Listening-writings (and vice versa)
Text by PISEAGRAMA
Invasão, drawing by Jaime Lauriano
How can we meet the urgent and generous thoughts and messages by the people who live on the earth? Thoughts and messages addressed to the juruá, the napë, the cupen, the tihi, the whites, the colonialists, the city-dwellers, by the people who, from their territories, realize life differently? How do we reshape our gaze, our listening, our writing, our reading and our actions, in the face of the practices and thoughts of communities that have survived various forms of violence daily – for 523 years? How to trace a reconnection to the land in the company of those who have never been separated from it?
Terra: Afro-Indigenous Anthology brings together essays published in Piseagrama magazine over 13 years and also some unpublished essays, all authored by Afro and/or Indigenous writers. Each of them holds a unique story of encounters, listenings, and shared writings; each piece of writing is rooted in endless conversations and harbors alliances that are not made without conflicts or misunderstandings. Somewhere between orality and writing, we have constructed an editorial method through the publication of printed oralities.
The conversations that gave rise to Terra took place in public gatherings such as festivals, classes, lectures, panel discussions, and academic forums; in concentrated work sessions centered in writing; in the collection of scattered speeches and hidden broadcasting sessions; in carefully reading and editing theses and dissertations; in remote video conference meetings; in endless WhatsApp audio exchanges and lengthy telephone readings. These are encounters that initiated dialogues, friendships, and interactions which paved the way for the sharing of knowledge, and fertilized alliances beyond the editorial boundaries of the texts produced.
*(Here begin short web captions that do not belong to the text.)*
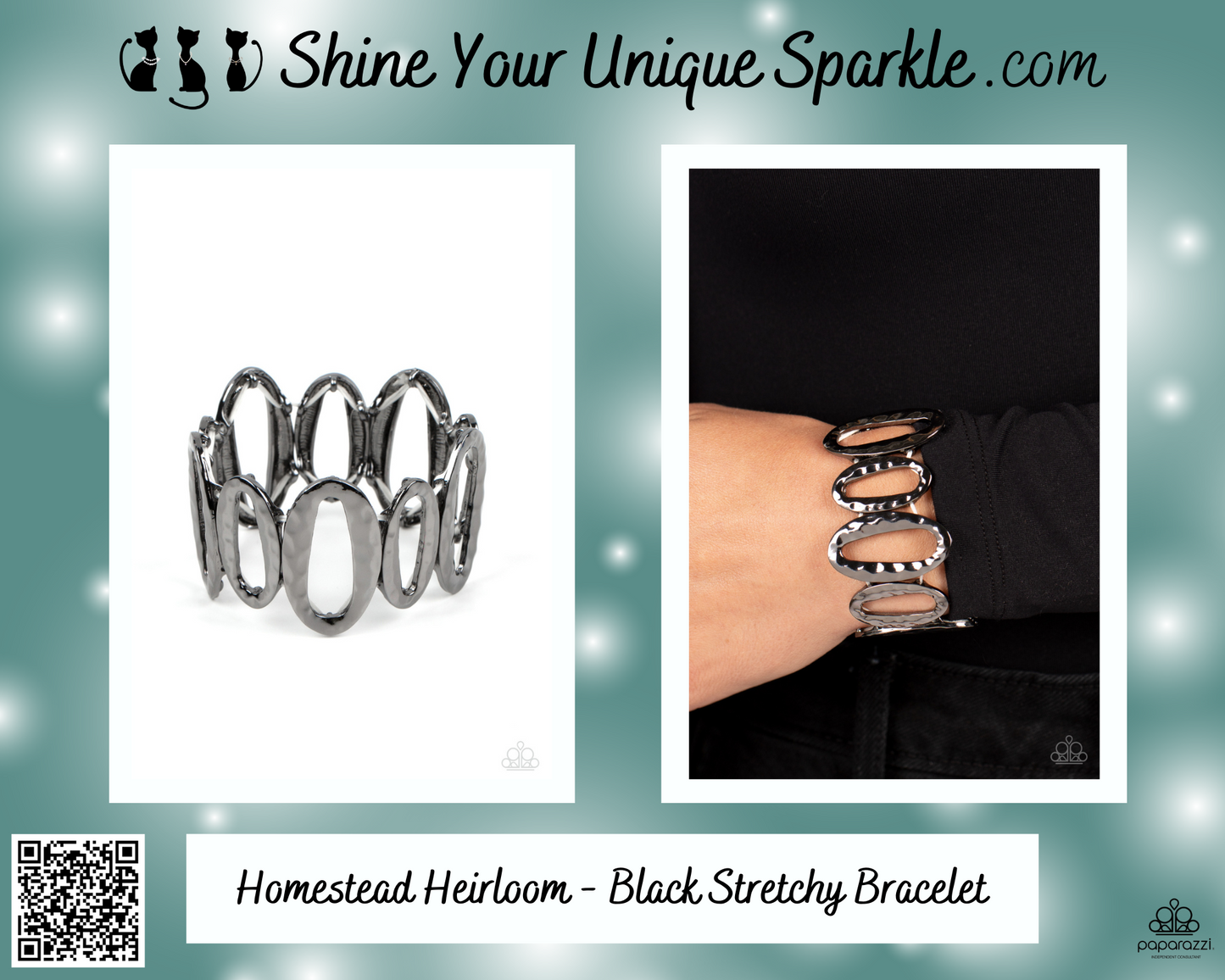 Homestead Heirloom - Black Stretchy Bracelet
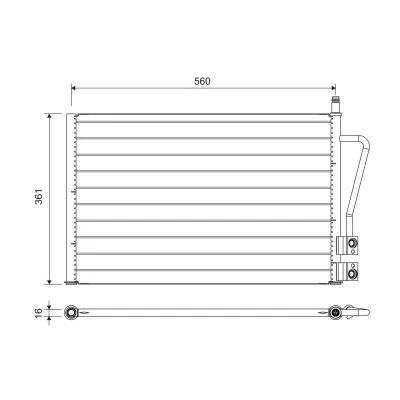 Bilde av VALEO 814083 Kondensator uten tørker Aluminium 361 R 134a
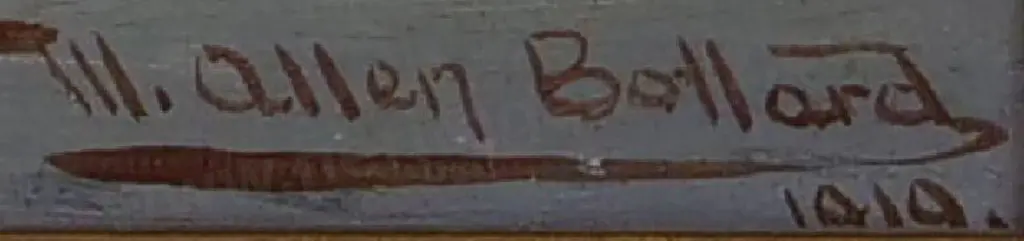 BOLLARD, William Allan (1869-1943) - Lake Hawea with Two Whares Image 1++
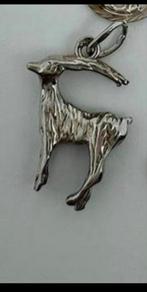 Zilveren bedel hanger ree hert voor bedelarmband ketting, Overige merken, Ophalen of Verzenden, Zo goed als nieuw, 4 bedels of meer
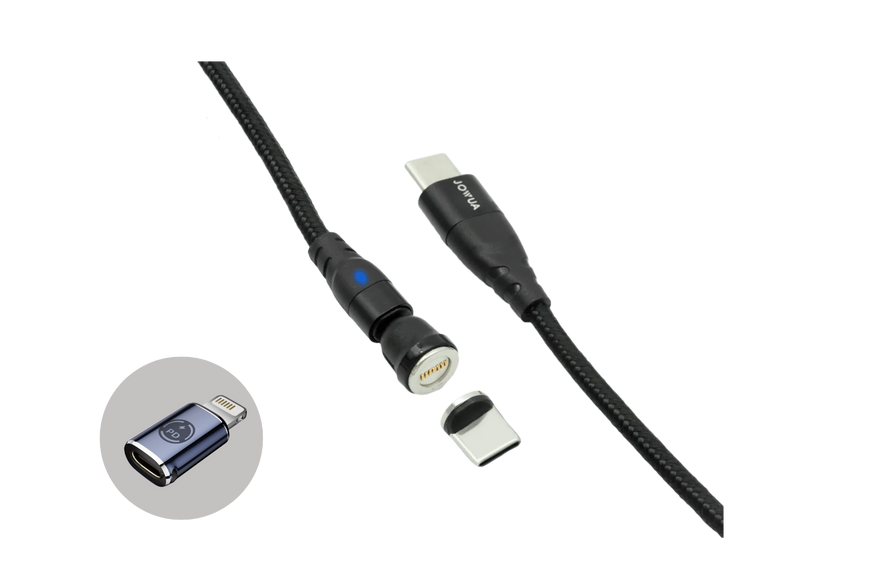 The JOWUA Magnetic Charging Cable USB-C to USB-C (available in lengths from 1M to 1.8M) is a black braided cable with a detachable magnetic connector, ideal for Tesla Model 3 accessories. It features a USB-C end and another connector equipped with a blue indicator light. Additionally, there is a magnetic USB-C adapter displayed in a circular inset on the left side.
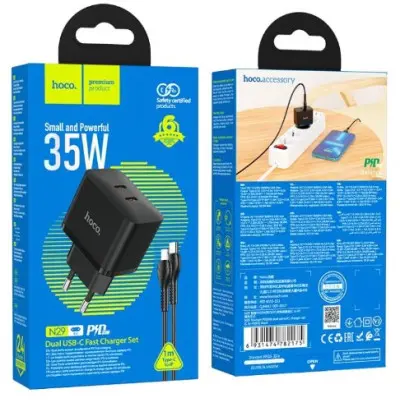 Мережевий зарядний пристрій Hoco N29 PD+QC3.0 35W + Кабель Type-C to Lightning Black, Чорний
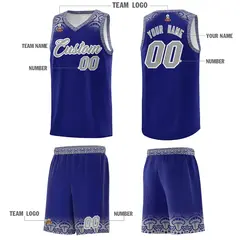 Royal Gray Indians Print Sports Basketball Uniform Jersey 5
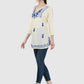 Women Top White Regular Fit and Flare 3/4 Sleeve Embroidery Work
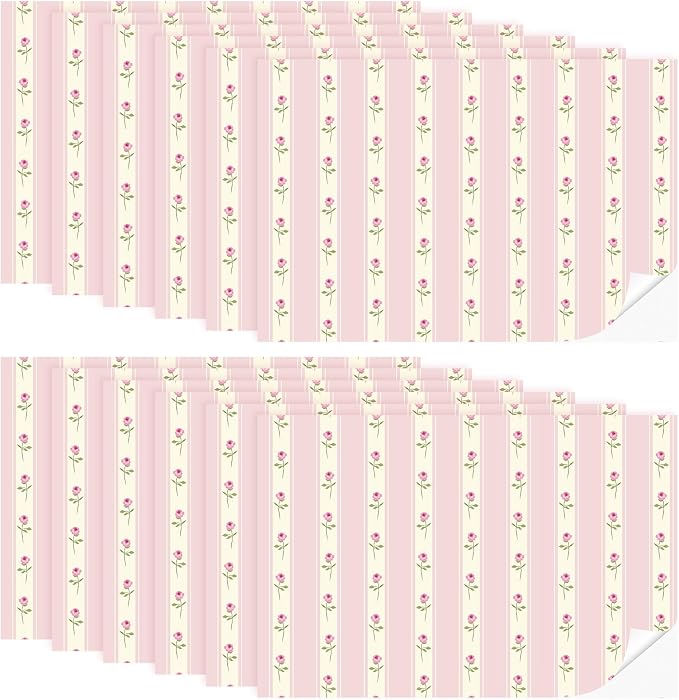 Flutesan 12 Pcs Miniature Dollhouse Wallpaper and Flooring Peel and Stick Mini DIY Self Adhesive Dollhouse Accessories 8.27 x 11.69 Inch (Pink Flower)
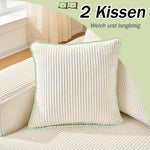Modular L-shaped Corner Sofa 2-Seater Chaise Longue Corduroy Beige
Each essay tells the story of an encounter, and each encounter connects us with the author’s territory of origin. The Afro-Indigenous Anthology thus assembled is also a cartographic writing of the Afro-Pindorama land, a surge of knowledge, memories, bodies and struggles that inhabit many parts of the country. In this other map of Brazil, with its many lands and territories, languages and expressions, bodies and corporealities, our writing as editors is a form of listening-writing (and vice versa). Listened-to writings challenge the canonic form, defy academic productivity, and enable words crucial for the maintenance of life spaces to be transported, distributed, and shared. With such printed oralities, we also set in motion a bibliographic occupation tactic: the systematic publication of texts generated through listening-writing as an intrusion into the bibliographies of university courses, theses, and dissertations; into the pluriverses of the Metaverse; and into the writings of Western authors who can thus engage with the orality of traditional knowledge.
Our writing, in the capacity of editors and publishers, is also a form of care. Writing and editing merge into a possible way of caring for what needs to be urgently passed on, and of preserving and safeguarding worlds. This book is, therefore, a partner in the struggles — for the reclamation of territories, for differentiated education, for food sovereignty, for everyday nature-cultures, for traditional medicine, for forests to be standing, for the decolonization of architecture, for the denormatization of bodies, for the reforestation of cities, for the indigenization of politics, and so many others.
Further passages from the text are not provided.